Leaving the question of possible future nominees aside for now, therefore (but if anyone knows more about this apparent Anglo monopoly in travel writing - or publishing? - I'd love to be clued in), here are this year’s short-listed titles:
The dead yard: tales of modern Jamaica by Ian Thomson (winner)
Along the enchanted way: a Romanian story by William Blacker
A single swallow: following an epic journey from South Africa to South Wales by Horatio Clare
Eleven minutes late: a train journey to the soul of Britain by Mathew Engel
Lost and found in Russia by Susan Richards
Out of steppe: the lost peoples of Central Asia by Daniel Metcalfe
Tequila oil: getting lost in Mexico by Hugh Thomson
Although the Dolman Prize regulations do not prohibit punning titles, a ban I would have a certain sympathy with, they do state that “single-issue driven books, ‘disguised’ cookery or aspirational lifestyle books, are discouraged from entering.” I’m not sure about the quotes around ‘disguised’, but I'm right there with the sentiment. Actually, if they were my awards, I think I'd use "disallowed" rather than "discouraged".

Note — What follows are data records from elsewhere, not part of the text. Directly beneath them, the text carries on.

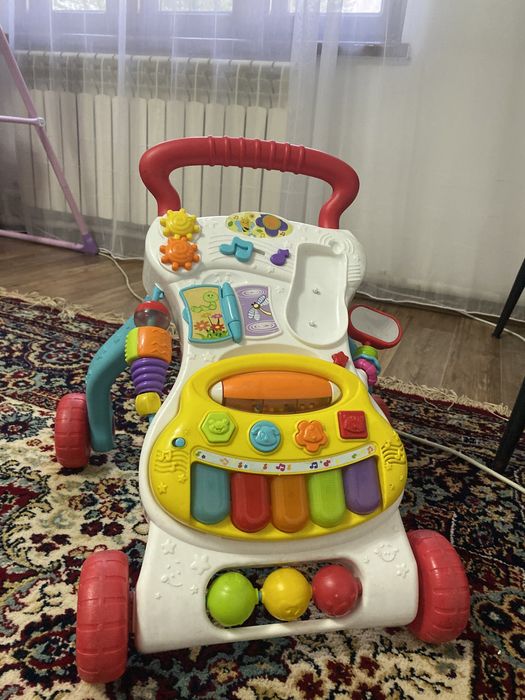 Продам б/у толокар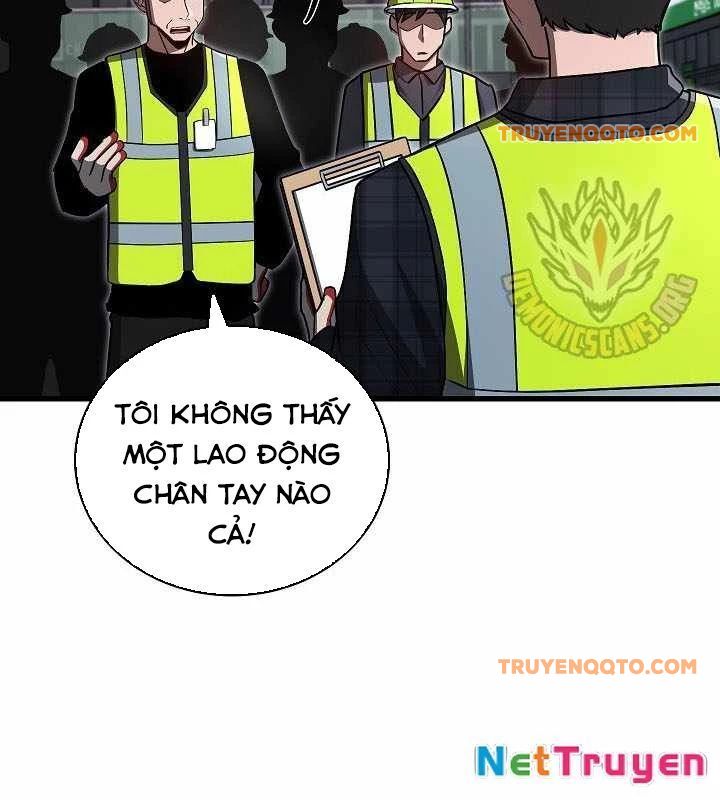 Cách Một Tử Linh Sư Cấp Thảm Họa Nghỉ Hưu Chap 25 - Next Chap 26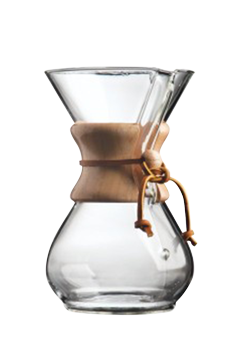 Chemex (6 cups)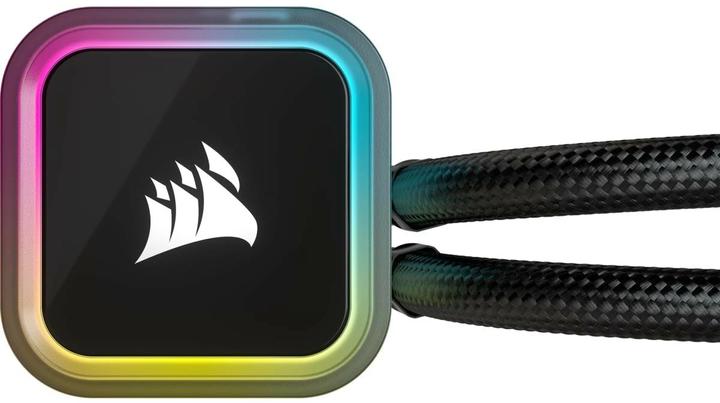 Produktbild Corsair WAK Cooling Hydro H150i iCUE Elite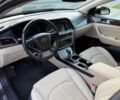 Хендай Соната 2017 в Умани на Automoto.ua Коричневый Хендай Соната, объемом двигателя 2.4 л и пробегом 87 тыс. км за 8700 $, фото 9 на Automoto.ua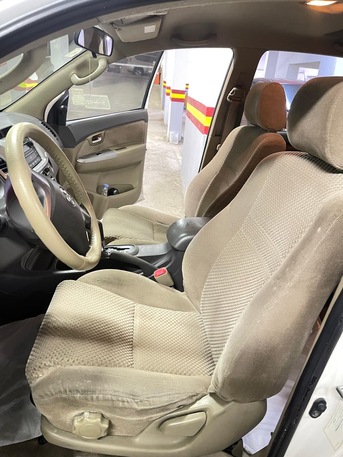 Al Murabba, Vehicles, Cars & Trucks , SAR 42000,  Toyota Fortuner SRS,  2012,  Automatic,  356000 KM,  Fortuner Car  For Sale Riyadh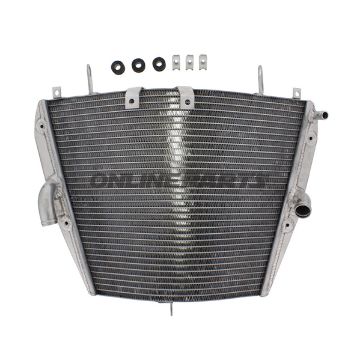 Radiator Jmp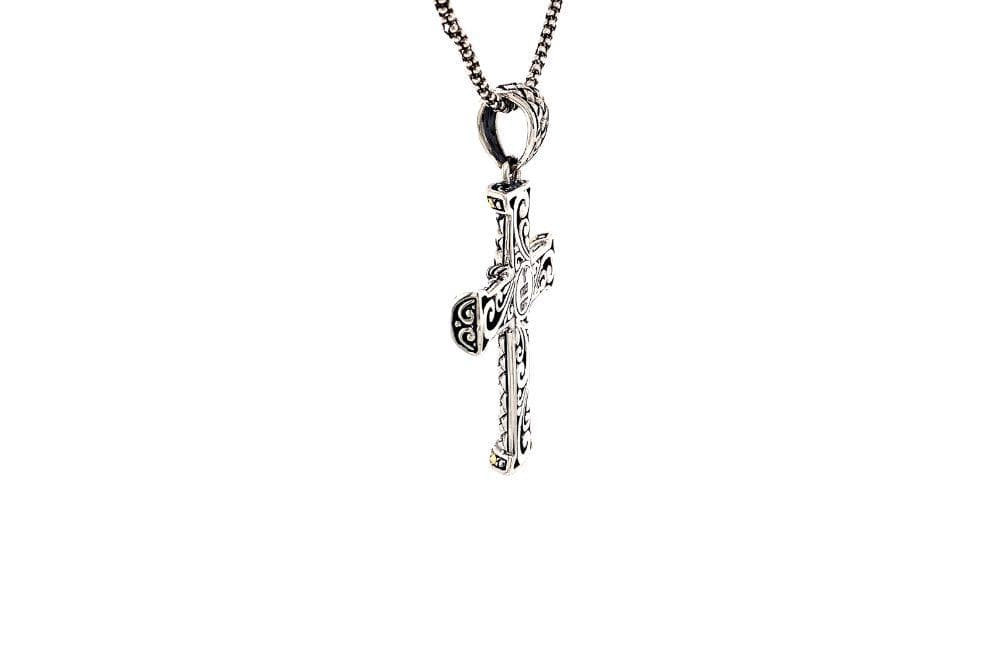 Kreuz Pendant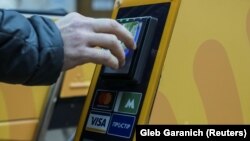 З початку року загальна кількість платіжних карток в Україні зросла до понад 78 млн штук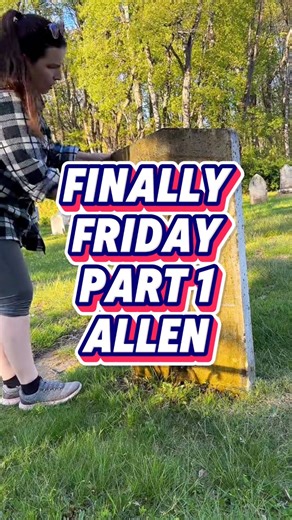 Discover the story behind Eunice Laura Skeele Allen, who journeyed from Greene County, NY to Sackets Harbor. See how her family’s early American roots helped shape her life and legacy as I begin cleaning her headstone. Stay tuned for part two, where we explore her impact on the community! #HeadstoneCleaning #History #Cemetery #GraveGeeks | Crazy Cemetery Lady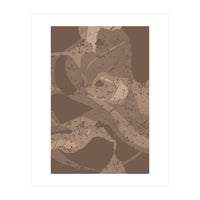 Shadow of Scratches 3 (Print Only)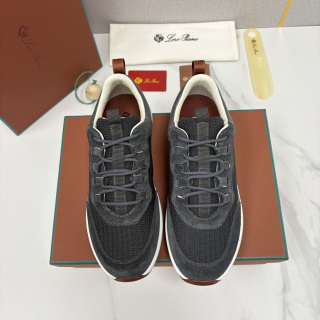 로로피아나 신발 108759 Loro Piana Shoes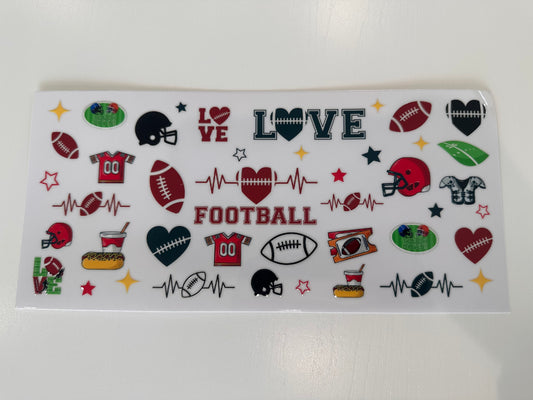 Football Love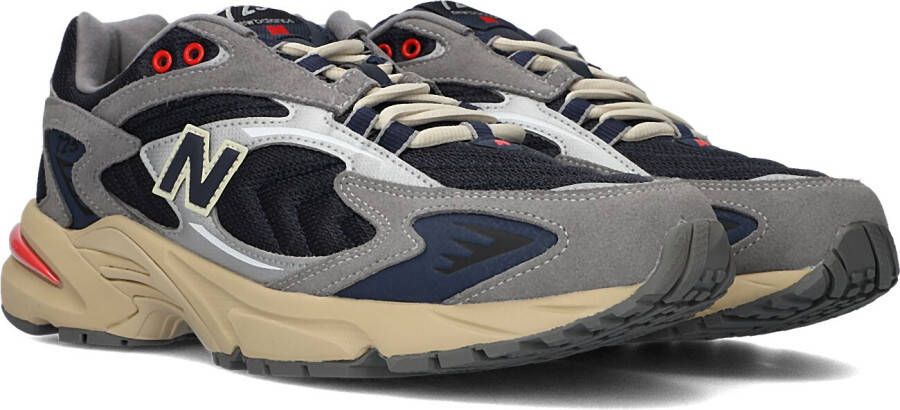 New Balance Blauwe Lage Sneakers Ml725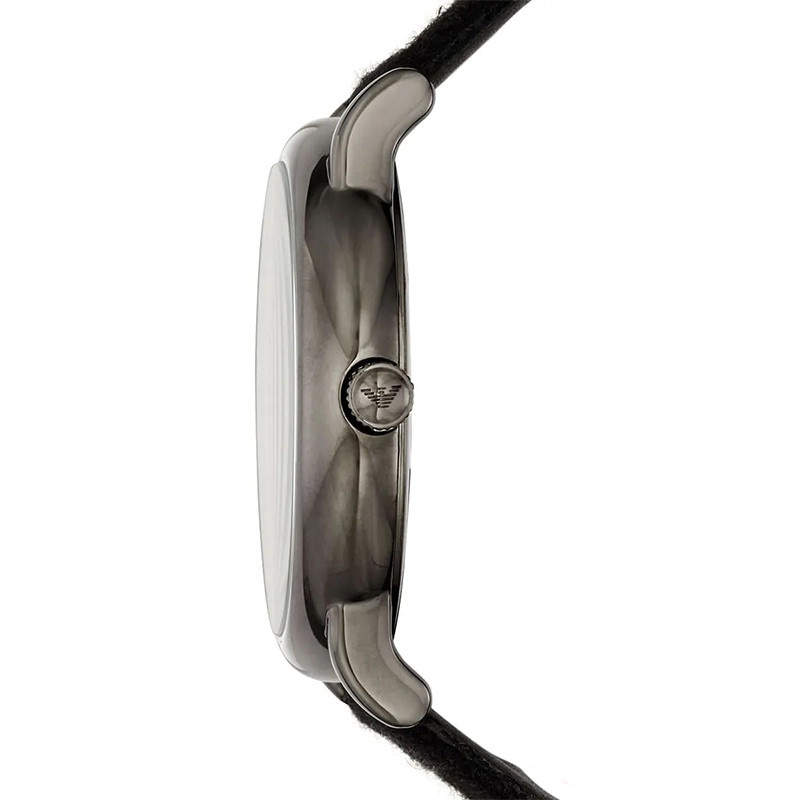 ساعت مچی عقربهای مردانه کوارتز امپریو آرمانی مدل AR11156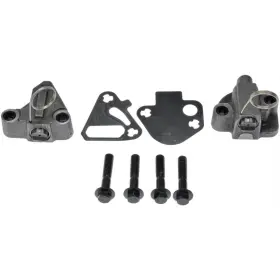 420-129 Dorman Set Of 2 Timing Belt Tensioners For Chevy Chevrolet Equinox Pair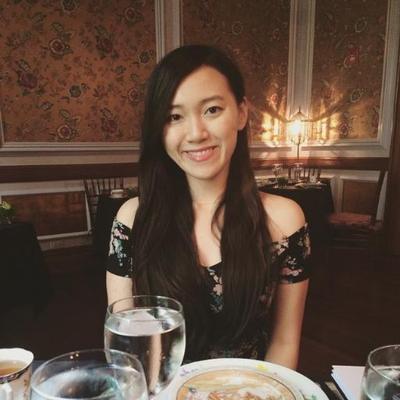 Profile Picture of Karen Hsieh (@khsieh22) on Twitter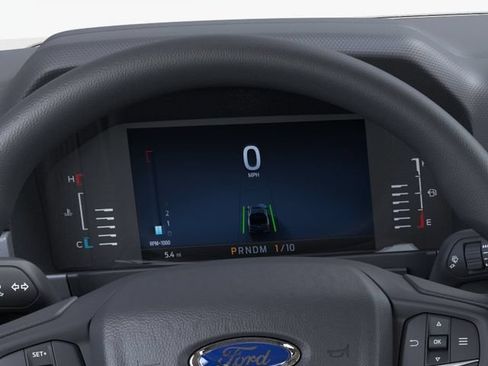 New 2026 Ford Ranger XL RWD image 14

A few Karen Craig Travel Writing Awards:
Best description of a person through a clothing item: William Least Heat Moon in Blue Highways, “... I said to the man whose hat told me what kind of fertilizer he used”.
Best “Rude about Australians” moment: Paul Theroux in The Great Railway Bazaar when he says that when he found himself sharing a compartment with Australians he always knew he’d hit bottom. (Also great is the part with the guy -- but I think he’s German, not Australian -- blithely listing the places he might go next while taking bites out of an apple, and it seems as if he’s biting into the globe, apportioning it out to himself. “Maybe Bali,” crunch, “maybe Bangkok,” crunch.)
Best “Oops” moment: In Around the World in 80 days, when Fogg’s valet Passepartout remembers that he has left the gas on back home.
Great truism moment: Henry Miller when he says in The Colossus of Maroussi “The more humble the employment the more interesting I find a Greek to be.”
Saddest travel writing: the finale of Bruce Chatwin’s Lament for Afghanistan in What am I doing here? which starts “But that day will not bring back the things we loved” and goes on to list things like blue icecaps on the mountains and the whiff of a snow leopard at 20,000 feet.
Unforgettable image: Joseph Brodsky in his book about Venice, Watermark, describing the fog arriving in Piazza S. Marco like a king riding in on a stallion and unwrapping his immense white turban. His boots are wet and he’s wearing a cloak embroidered with jewels which are the street lights. Brodsky says, He’s dressed like that because he doesn’t know what century it is, or even what year. How could he, being fog?